--- REQUIRED ACTION ---
Only text belongs in your copy of the listing below; reproduce it exactly and leave out the pictures.

--- INPUT DATA ---

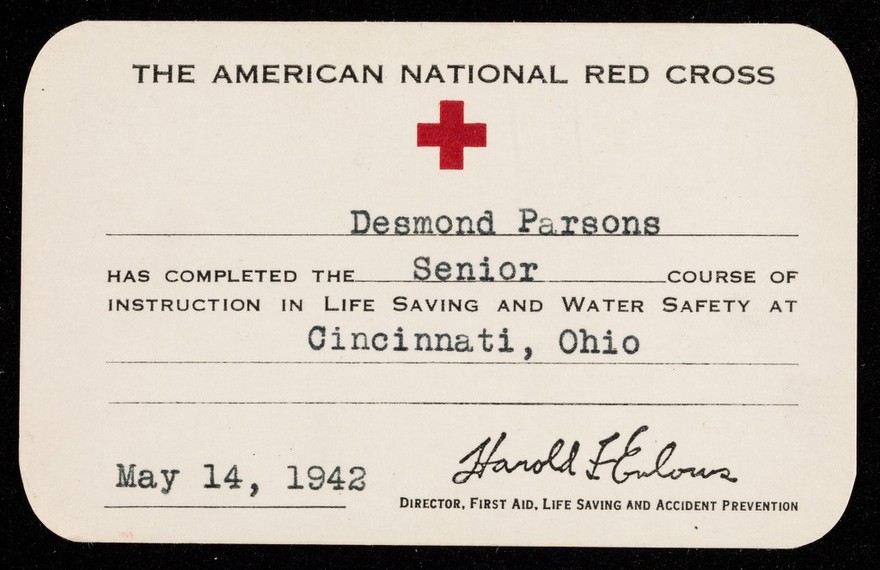 [Card certifying proficiency in life saving and water safety (Cincinnati, Ohio, 1939 - used in 1942)].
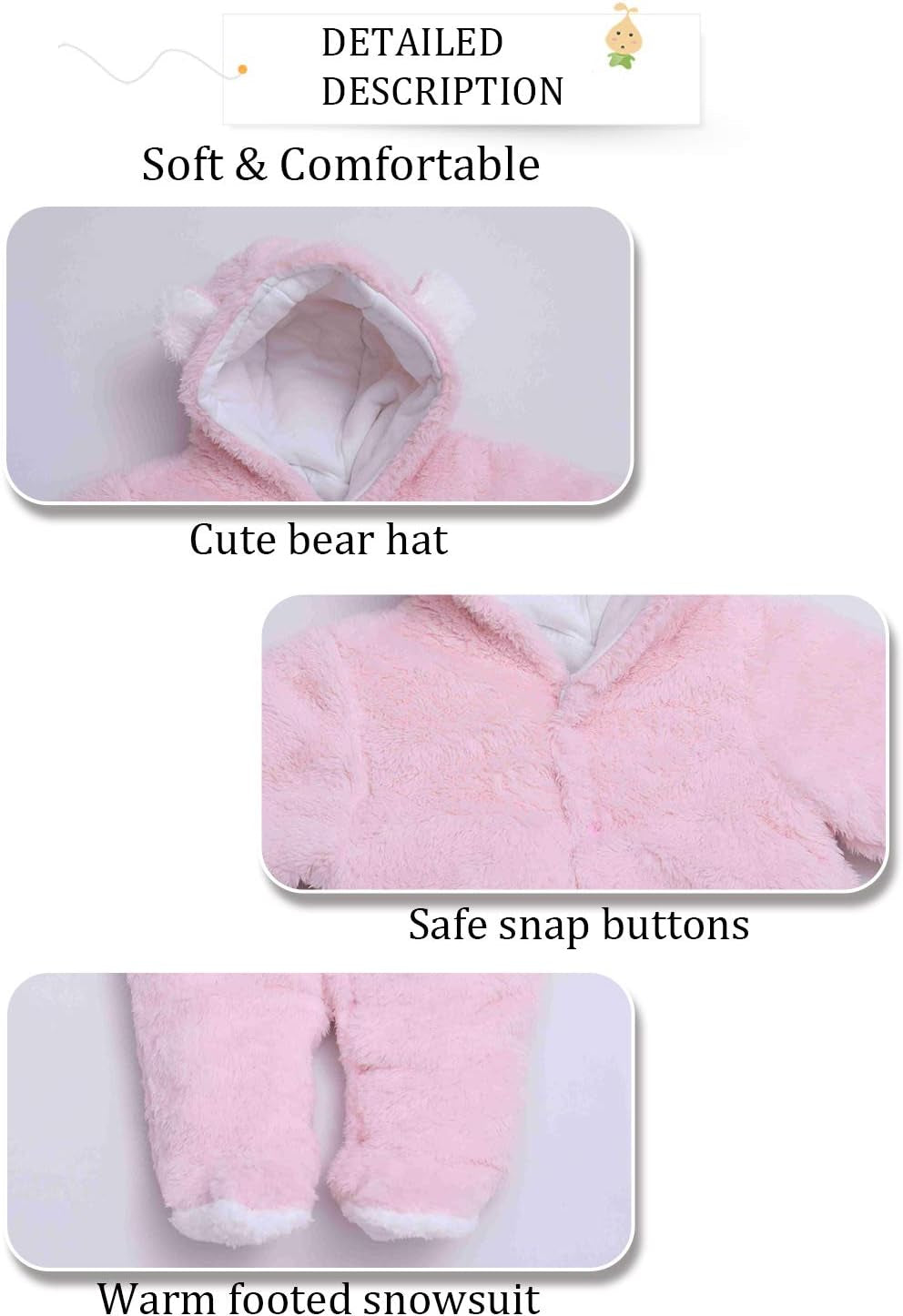 Baby Clothes Winter Coats Cute Newborn Infant Jumpsuit Snowsuit Bodysuits Baby Essentials Stuff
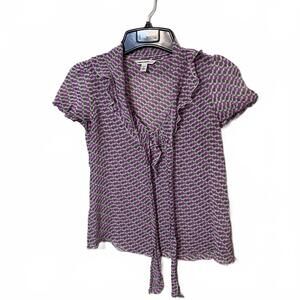 Banana Republic Purple Geometric Romantic Lightweight Ruffle Blouse Small Petite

--- EXPECTED ANSWER ---
 [Card certifying proficiency in life saving and water safety (Cincinnati, Ohio, 1939 - used in 1942)].
 Baby Clothes Winter Coats Cute Newborn Infant Jumpsuit Snowsuit Bodysuits Baby Essentials Stuff
 Banana Republic Purple Geometric Romantic Lightweight Ruffle Blouse Small Petite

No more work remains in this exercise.